The Cegliesi biscuits were produced by our farming families on the occasion of important feasts and wedding banquets. They are sold, in particular, in all the ovens, bars and confectioneries in Ceglie, as well as being offered in all the Cegliesi restaurants. The Cegliese biscuit is a candidate for the recognition of a typical DOP product.
similar to tapered frisoles are seasoned with honey, sugar or cooked wine (must concentrate obtained by cooking). Cardiddate means twisted, are in fact strips of pasta obtained from the mixture of flour, oil and white wine, a couple of centimeters wide, curved and rounded for the length of 15-20 cm. They are sweets typical of Christmas.
obtained from the processing of sheep’s and goat’s milk, it is produced in the summer. It is a soft, white cheese, produced in molds of about 200 grams. It is grated to flavor the dishes of orecchiette (it is an essential element to enjoy this typical Pugliese dish), however, it is good for every type of pasta.
minced almonds and kneaded with caramelized sugar and honey.
they are particular donuts of bread, hard and dry, they are kept for weeks. To eat them, they get wet with water to make them soft and they are seasoned with tomatoes, oregano, oil and salt. On sale in all the ovens, delicatessens and supermarkets of Salento.
called marictic figs (married figs) in dialect jargon. These are fruits cut in half and left to dry in the sun on reeds (sciaje); then they are joined in pairs to form an eight (they marry) by inserting inside a toasted dried almond and fennel seeds then they are baked. The almond figs were the candy of today for the children of yesterday highs.
classic baked goods, are taralli with wild fennel seeds.
Green olives with lime
They have a slightly salty olive flavor, with a faint taste of fennel, myrtle and bay leaves.
Extra virgin olive oil “hill of Brindisi”
our green gold, known throughout Italy, does not need presentation.

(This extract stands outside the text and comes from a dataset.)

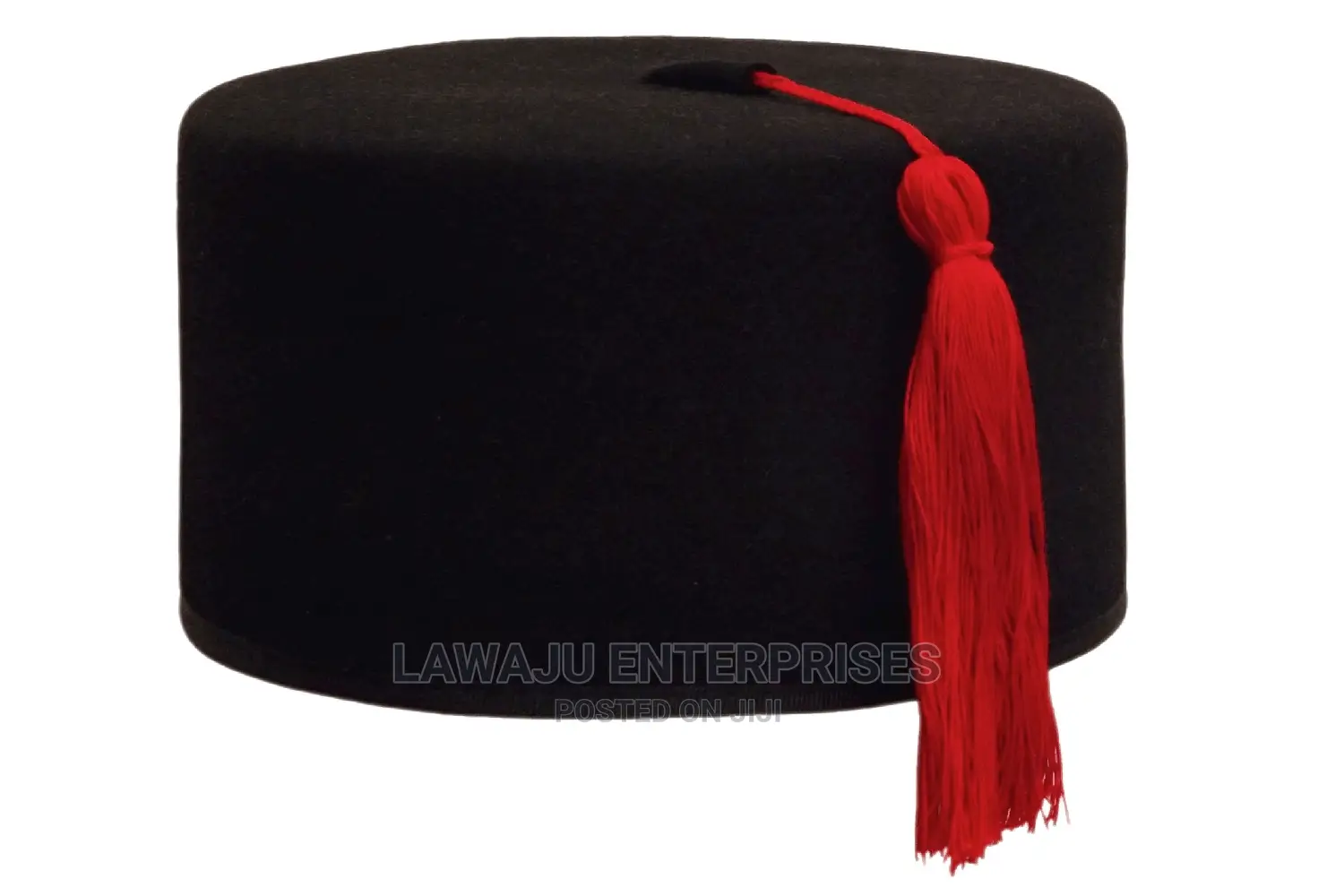 Fez / Ottoman / Oga Black Hat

grain crushed in a mortar to eliminate the outer part more fibrous, the grain of wheat must still appear whole for the preparation of particularly tasty dishes.
characteristic of this bread is the use of mixed flour of soft and hard wheat with the addition of natural yeast. Cooking takes place in stone-fired ovens. The brown loaves can be kept even for a week, keeping the original fragrance.
Pecorino of masseria
sheep’s milk cheese with an intense and spicy flavor, aged cheese, with a delicate taste of fresh pecorino cheese.
similar to meatballs, they are obtained with a mixture of durum wheat flour and boiled potatoes to be fried in boiling oil. They are typical of the winter period (Christmas in particular).
in dialect jargon, it stands for focaccia, excellent as soon as it is baked in a wood oven. Among the ingredients in addition to soft wheat flour and our extra virgin olive oil DOC hill Brindisi, essential black olives, strong ricotta (Asckuante) and onions.
large Easter tarallo covered with melted sugar (typical of Ceglie)
local cherry tomatoes preserved in bunches for winter use (excellent for seasoning the frize). The tomatoes are picked still green, and a bunch of 50-70 cm is joined together by twine in the characteristic pennula.
in the dialectal dialectal jargon it stands for spicy; the taste is spicy but at the same time delicate, excellent to spread on bread or on frize.
home-made liqueurs in a simple and ancient way, particularly the strawberry tree rosolio.
they are local orecchiette, prepared with the “maccaruni” (macaroni). The orecchiette can be found all over Europe, but pay attention to the numerous imitations and industrial productions that have nothing in common with the traditional Pugliese or Altosalentine orecchiette in particular.
It is a fresh pasta that uses raw flour with bran (whole wheat flour to translate, but not exactly exact). They are sticks 4-5 cm long.